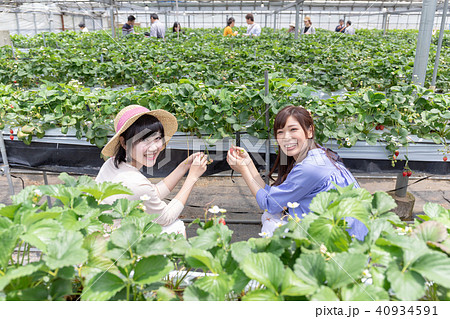 いちご狩りイメージ 女子旅 インスタ映え 40934591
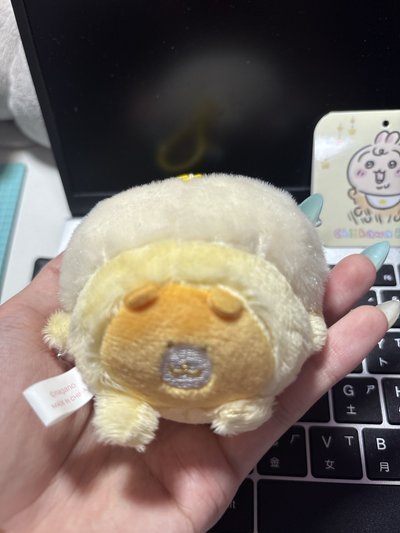 現貨 寶寶兔 烏薩奇 無原袋有吊牌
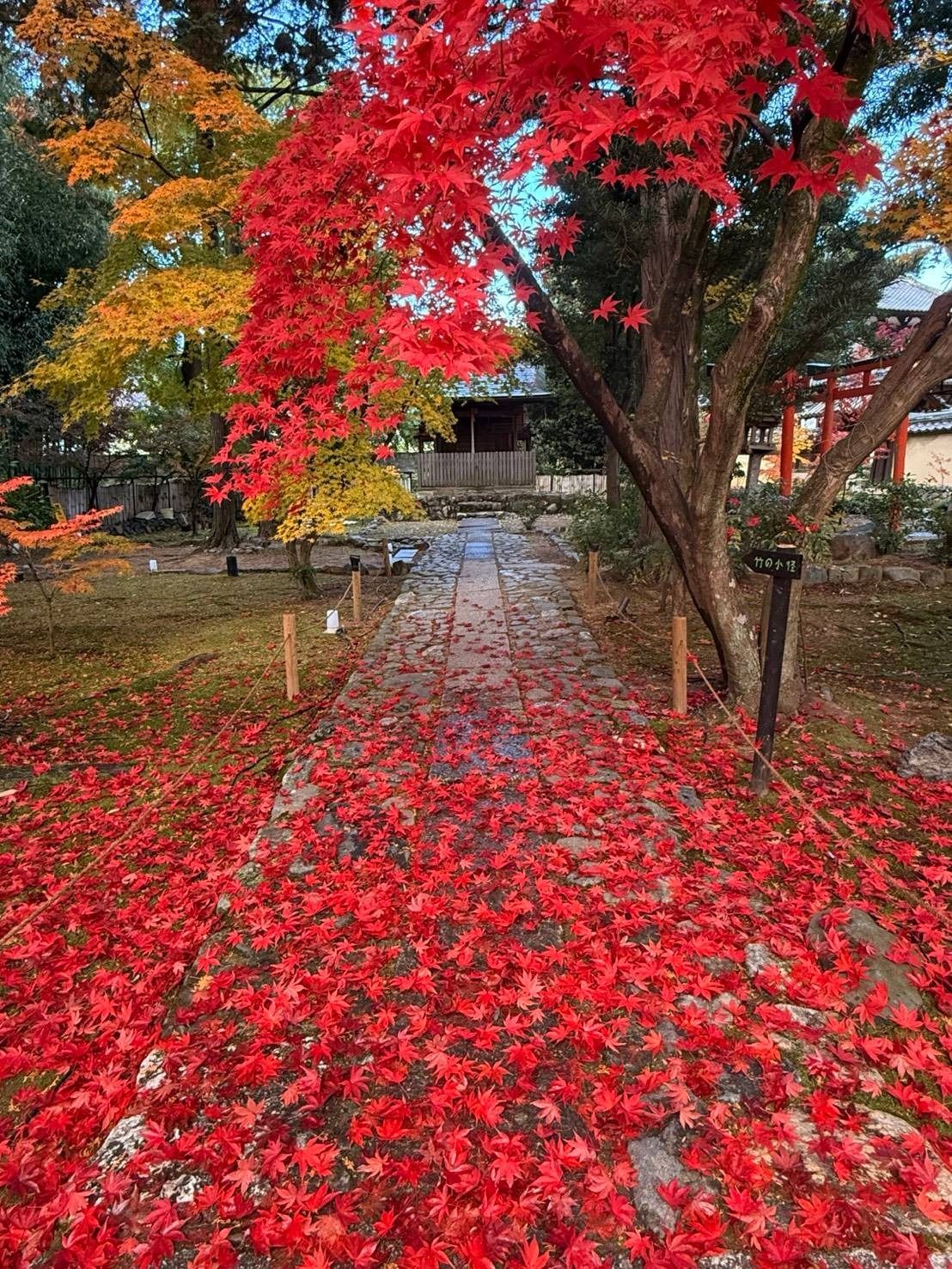 紅葉の境内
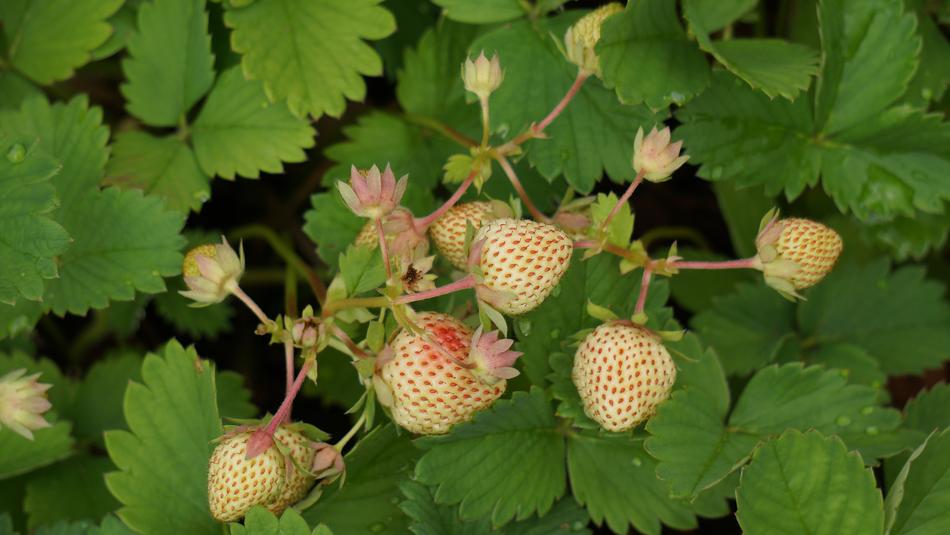 Close-up of the colorful and beautiful strawberries with green leaves
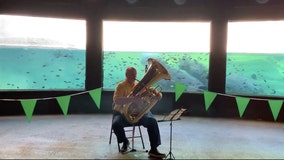 Tuba player performs for San Antonio Zoo hippos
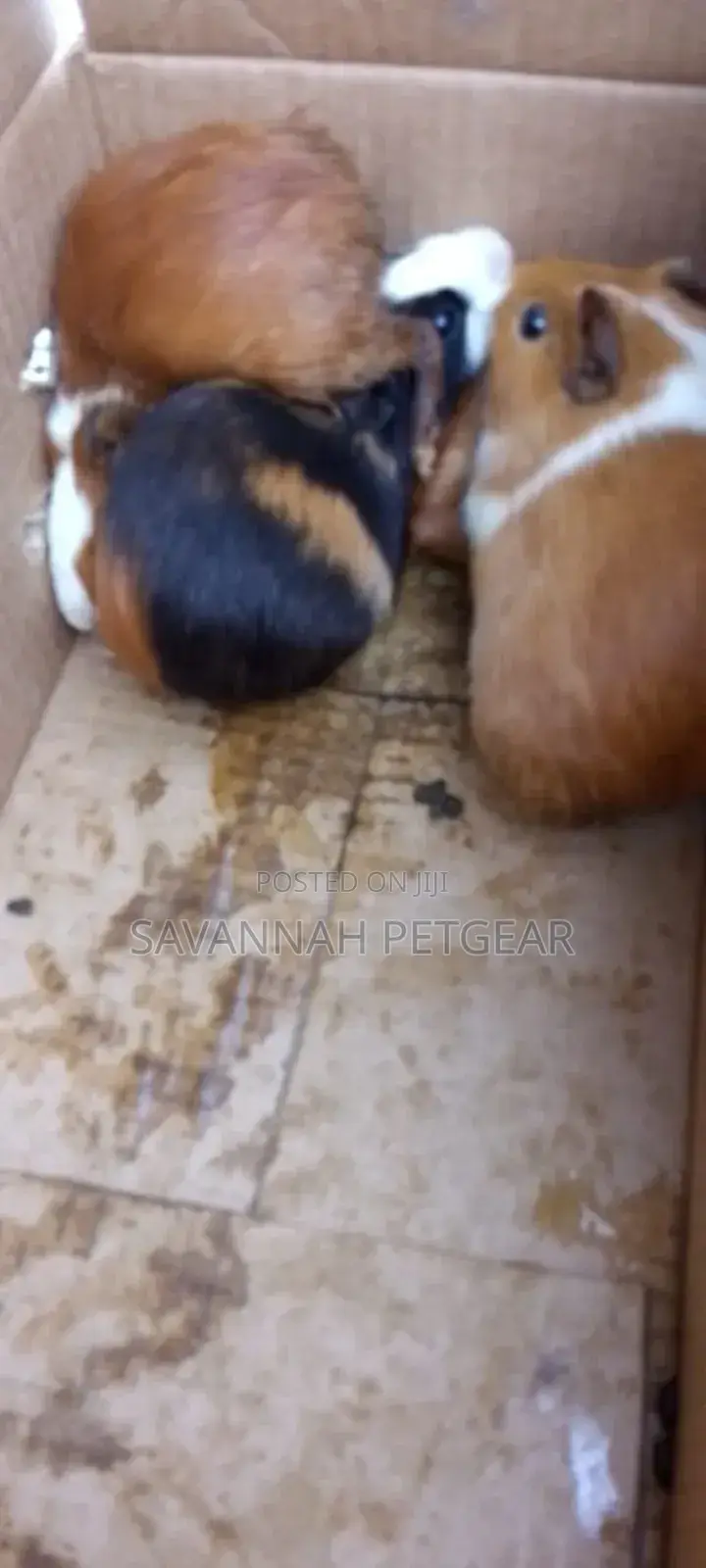 Guinea Pigs Mature Females As Pets Or For Breeding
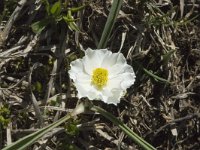 Ranunculus kuepferi 10, Saxifraga-Marijke Verhagen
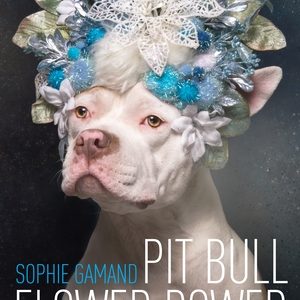 Pit Bull Flower Power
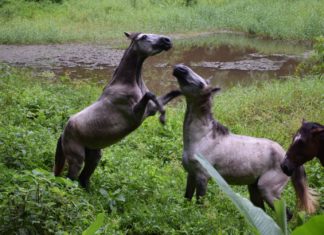 Der 4. Oktober ist Welttierschutztag!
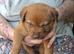 ) Stunning & Unique Shepweiler Mastiff Puppies – Reared with Love!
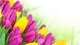 Картинка: Жёлтые и розовые тюльпаны на белом фоне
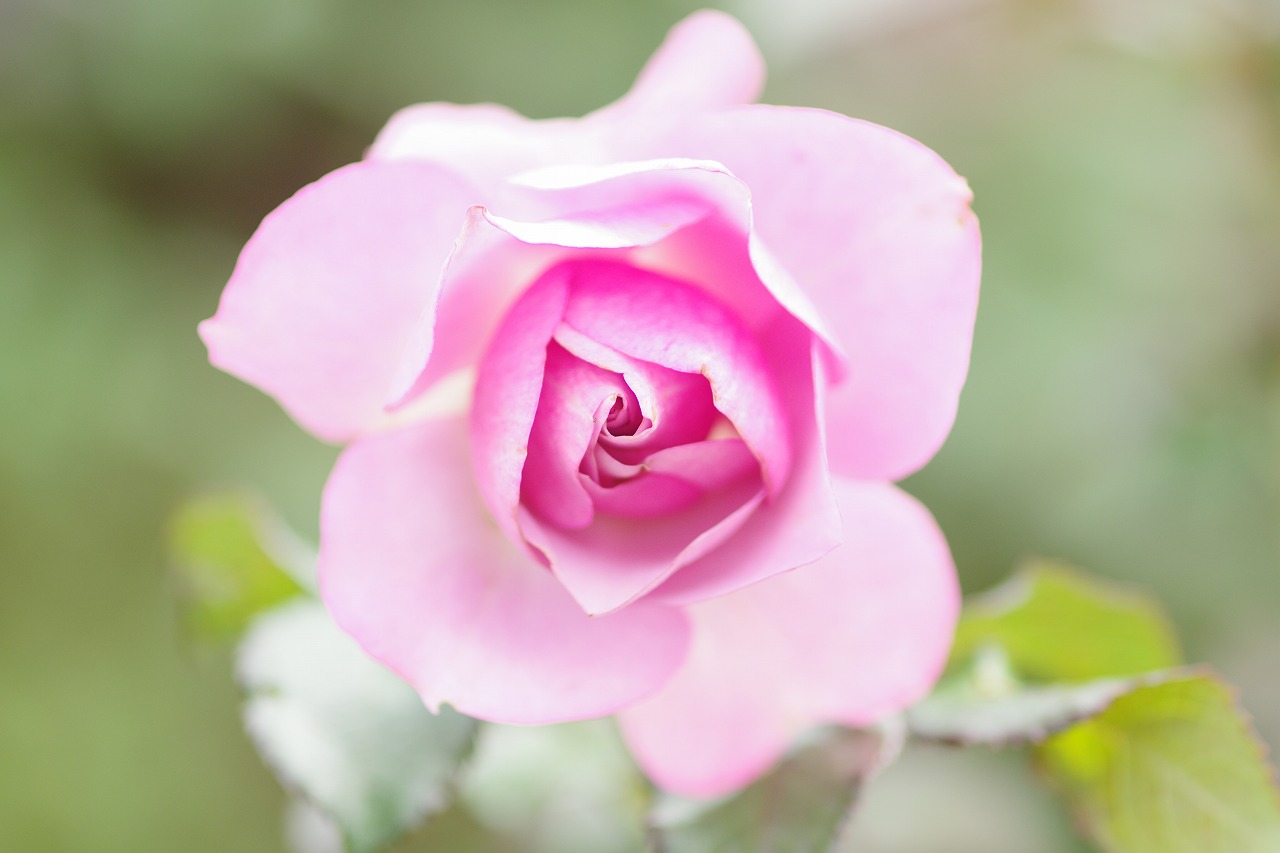 群馬県前橋市の群馬フラワーパークの花々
————————
If the records contain pictures, skip them, and transcribe exactly every line from the one with "Tuba player performs" through the last line.

 Tuba player performs for San Antonio Zoo hippos
 Guinea Pigs Mature Females As Pets Or For Breeding
 Ranunculus kuepferi 10, Saxifraga-Marijke Verhagen
 Pit Bull Flower Power
 Der 4. Oktober ist Welttierschutztag!
 ) Stunning & Unique Shepweiler Mastiff Puppies – Reared with Love!
 Картинка: Жёлтые и розовые тюльпаны на белом фоне
 群馬県前橋市の群馬フラワーパークの花々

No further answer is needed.